I am getting hnsw_vector_cache_prefill frequently

2020ashish · November 8, 2024, 8:43am

Description

Hello I am getting hnsw_vector_cache_prefill in log very frequently.

I don’t information on this log.
In addition of above, I am also getting Query call with protocol GRPC batch failed with message Deadline Exceeded and also

Can any one help me ?

Server Setup Information

Weaviate Server Version: 1.27.1
Deployment Method:
Multi Node? Number of Running Nodes: 1
Client Language and Version: Python-latest
Multitenancy?: Yes

Any additional Information

DudaNogueira · November 8, 2024, 11:11am

hi @2020ashish !!

Welcome to our community

the hnsw_vector_cache_prefill is just a INFO log, so no worries here.

Can you paste the entire stack trace error for the second issue?

2020ashish · November 12, 2024, 11:26am

Apologize, for late reply
It was from OOMKill issue.
I have few question.
In our case we have ingest all of data which is semi structured.
While ingesting there are so many read/ write operation to update previous data.

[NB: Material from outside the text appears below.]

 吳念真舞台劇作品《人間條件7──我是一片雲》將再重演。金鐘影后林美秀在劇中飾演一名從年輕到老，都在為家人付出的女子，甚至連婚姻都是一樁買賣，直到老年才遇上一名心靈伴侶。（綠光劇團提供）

While ingestion, First I check if data exist or not then update certain field. Ingestion time is less compare to updation time. What should be best approach ?

DudaNogueira · November 12, 2024, 12:40pm

Hi! The best approach is doing a batch with deterministic IDs.

If you want to define a fixed ID for each object, that’s the way to go:

Remember to use batch instead of insert or insert_many

Let me know if this helps!

Thanks!

2020ashish · November 12, 2024, 1:13pm

We are using batch.
While ingestion we need to check if record exist or not than inserting.
Sample code provide, how we are ingesting data in some case.
while updation time is huge for below approach.
Please suggest any optimized way ?

class_name = "Book"
if client.collections.exists(class_name):
    client.collections.delete(class_name)
client.collections.create(
    name=class_name,
    vectorizer_config=wcc.Configure.Vectorizer.text2vec_transformers(),
    multi_tenancy_config=wcc.Configure.multi_tenancy(enabled=True),
    inverted_index_config=wcc.Configure.inverted_index(
        index_timestamps = True
    ),
    properties=[
        wcc.Property(
            name="Book_name",
            data_type=wcc.DataType.TEXT,
            tokenization=wcc.Tokenization.FIELD,
        ),
        wcc.Property(
            name="Author",
            data_type=wcc.DataType.TEXT,
            tokenization=wcc.Tokenization.WORD,
            skip_vectorization=True,
        ),
        wcc.Property(
            name="Book_Summary",
            data_type=wcc.DataType.TEXT,
            tokenization=wcc.Tokenization.FIELD,
            
        ),
        wcc.Property(
            name="Update_date",
            data_type=wcc.DataType.TEXT,
            tokenization=wcc.Tokenization.FIELD,
            skip_vectorization=True,
        ),
    ],
)


def check_book_exist(client, class_name, value, tenant):
    filter = wvc.query.Filter.by_property("Book_name").equal(value)
    class_obj = client.collections.get(class_name).with_tenant(tenant)
    response = class_obj.query.fetch_objects(filters=filter, limit=1)
    uuid = None
    for o in response.objects:
        uuid = o.uuid
    return uuid

def update_records(uuid, collection, data, tenant, client):
    class_obj = client.collections.get(collection).with_tenant(tenant)
    class_obj.data.update(
        uuid=uuid,
        properties=data,
    )

def parser(data,tenant):
    with client.batch.fixed_size(batch_size=100) as batch:
        book_uuid = check_book_exist(
            client = client,
        class_name= "Book",
            value = data.get("Book_name"),
            tenant = tenant,
        )
        if book_uuid is None:
            book_data = { "Book_name": data.get("Book_name"),
                        "Author": data.get("Author"),
                        "Book_Summary": data.get("Book_Summary"),
                        "Update_date": data.get("Update_date"),
                }
            batch.add_object(
                properties=book_data,
                collection="Book",
                tenant=tenant,
            )
            print("Added the record for book name", data.get("Book_name"))
        else:
            update_records(
                tenant=tenant,
                client=client,
                uuid=book_uuid,
                collection="Book",
                data={"Update_date": data.get("Update_date")},
            )
            print("Update the record for book name", data.get("Book_name"))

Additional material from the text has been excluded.